== Dataset records ==
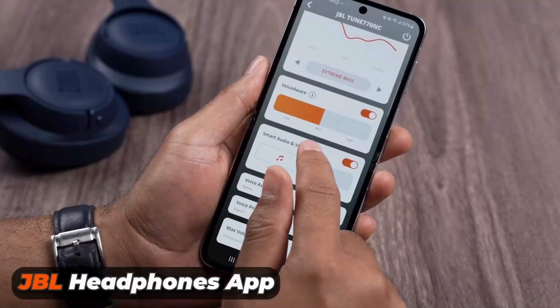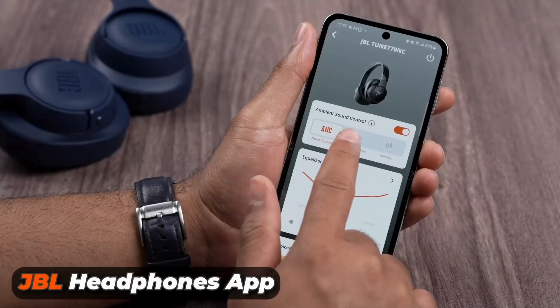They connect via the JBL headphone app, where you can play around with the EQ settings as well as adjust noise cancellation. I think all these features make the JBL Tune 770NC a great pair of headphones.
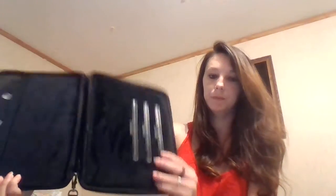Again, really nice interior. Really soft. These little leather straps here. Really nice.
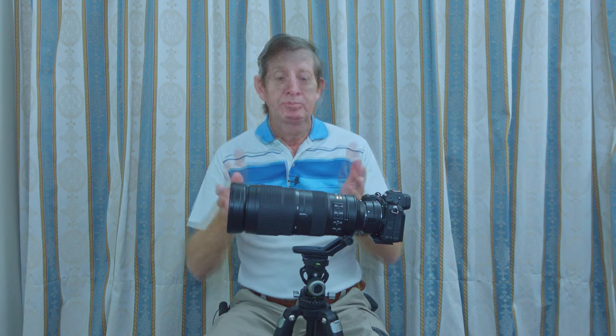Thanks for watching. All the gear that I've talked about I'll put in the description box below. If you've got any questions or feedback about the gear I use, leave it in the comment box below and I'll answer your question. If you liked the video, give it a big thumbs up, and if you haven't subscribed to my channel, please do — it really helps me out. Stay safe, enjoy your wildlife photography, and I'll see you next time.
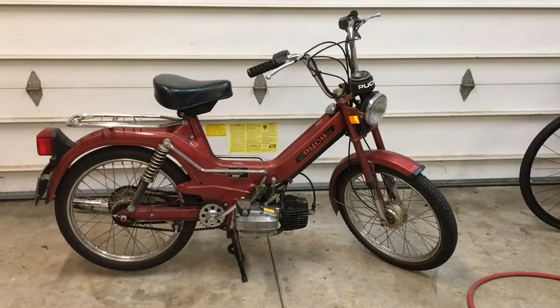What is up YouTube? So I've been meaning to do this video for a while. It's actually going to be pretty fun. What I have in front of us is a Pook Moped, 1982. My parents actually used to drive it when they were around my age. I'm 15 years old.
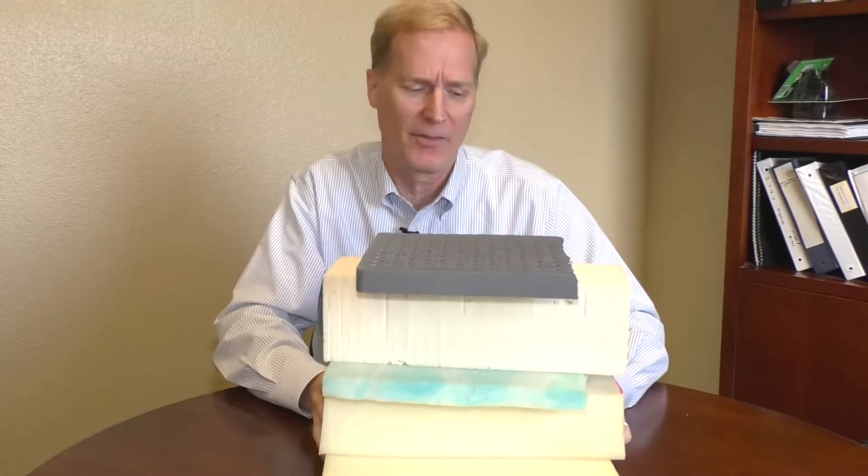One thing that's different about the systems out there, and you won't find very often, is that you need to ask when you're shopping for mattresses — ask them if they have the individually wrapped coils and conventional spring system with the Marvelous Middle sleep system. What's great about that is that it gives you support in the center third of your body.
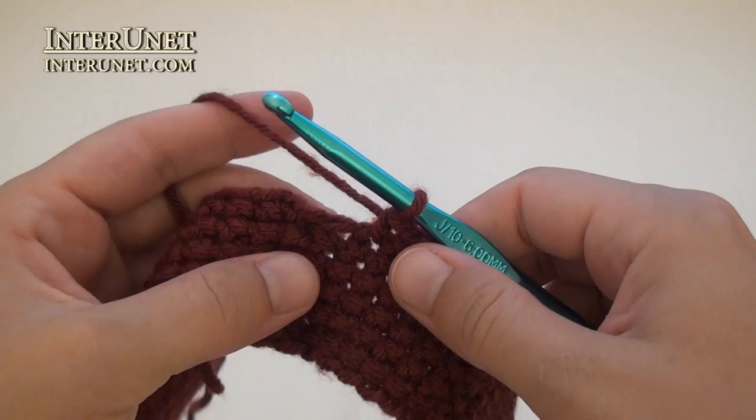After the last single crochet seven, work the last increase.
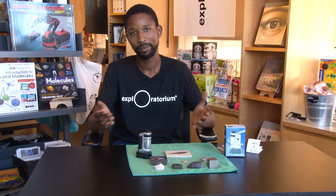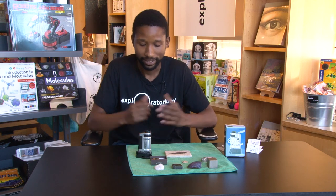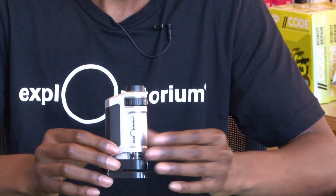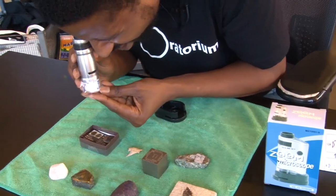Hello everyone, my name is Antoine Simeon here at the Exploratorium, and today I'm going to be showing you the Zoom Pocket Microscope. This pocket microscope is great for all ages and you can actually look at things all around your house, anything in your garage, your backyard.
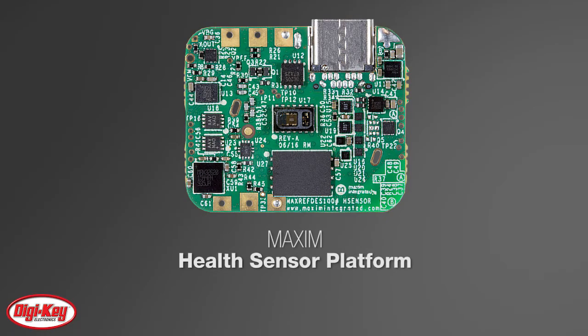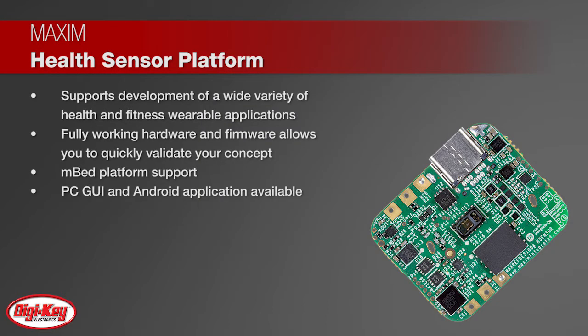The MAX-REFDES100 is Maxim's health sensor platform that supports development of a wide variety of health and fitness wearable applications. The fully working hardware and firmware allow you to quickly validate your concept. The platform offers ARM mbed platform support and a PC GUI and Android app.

== Exercise directions ==
Output exactly the stretch of the listing that begins at the line containing "One thing that's" and ends at the line containing "After the last", both kept. Omit pictures and everything else.

== Your response ==
One thing that's different about the systems out there, and you won't find very often, is that you need to ask when you're shopping for mattresses — ask them if they have the individually wrapped coils and conventional spring system with the Marvelous Middle sleep system. What's great about that is that it gives you support in the center third of your body.
After the last single crochet seven, work the last increase.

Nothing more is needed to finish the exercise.